A Saudi woman has been executed for practising "witchcraft and sorcery", the country's interior ministry says.
A statement published by the state news agency said Amina bint Abdul Halim bin Salem Nasser was beheaded on Monday in the northern province of Jawf.
The ministry gave no further details of the charges which the woman faced.
The woman was the second person to be executed for witchcraft in Saudi Arabia this year.
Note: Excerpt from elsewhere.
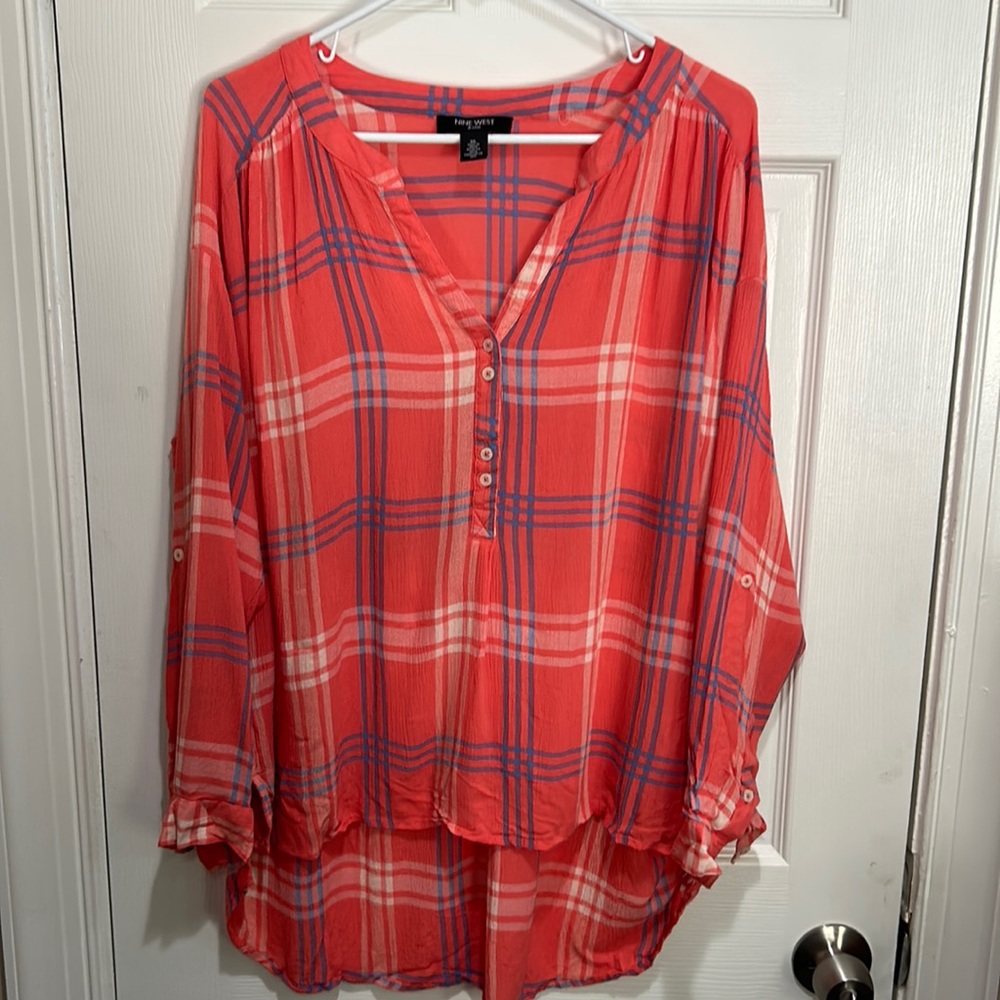 Red blouses with blue and white lines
A Sudanese man was executed in September.
'Threat to Islam'
BBC regionalist analyst Sebastian Usher says the interior ministry stated that the verdict against Ms Nasser was upheld by Saudi Arabia's highest courts, but it did not give specific details of the charges.
The London-based newspaper, al-Hayat, quoted a member of the religious police as saying that she was in her 60s and had tricked people into giving her money, claiming that she could cure their illnesses.
Our correspondent said she was arrested in April 2009.
But the human rights group Amnesty International, which has campaigned for Saudis previously sentenced to death on sorcery charges, said it had never heard of her case until now, he adds.
A Sudanese man was executed in September on similar charges, despite calls led by Amnesty for his release.
In 2007, an Egyptian national was beheaded for allegedly casting spells to try to separate a married couple.
Last year, a Lebanese man facing the death penalty on charges of sorcery, relating to a fortune-telling television programme he presented, was freed after the Saudi Supreme Court decreed that his actions had not harmed anyone.
Amnesty says that Saudi Arabia does not actually define sorcery as a capital offence. However, some of its conservative clerics have urged the strongest possible punishments against fortune-tellers and faith healers as a threat to Islam.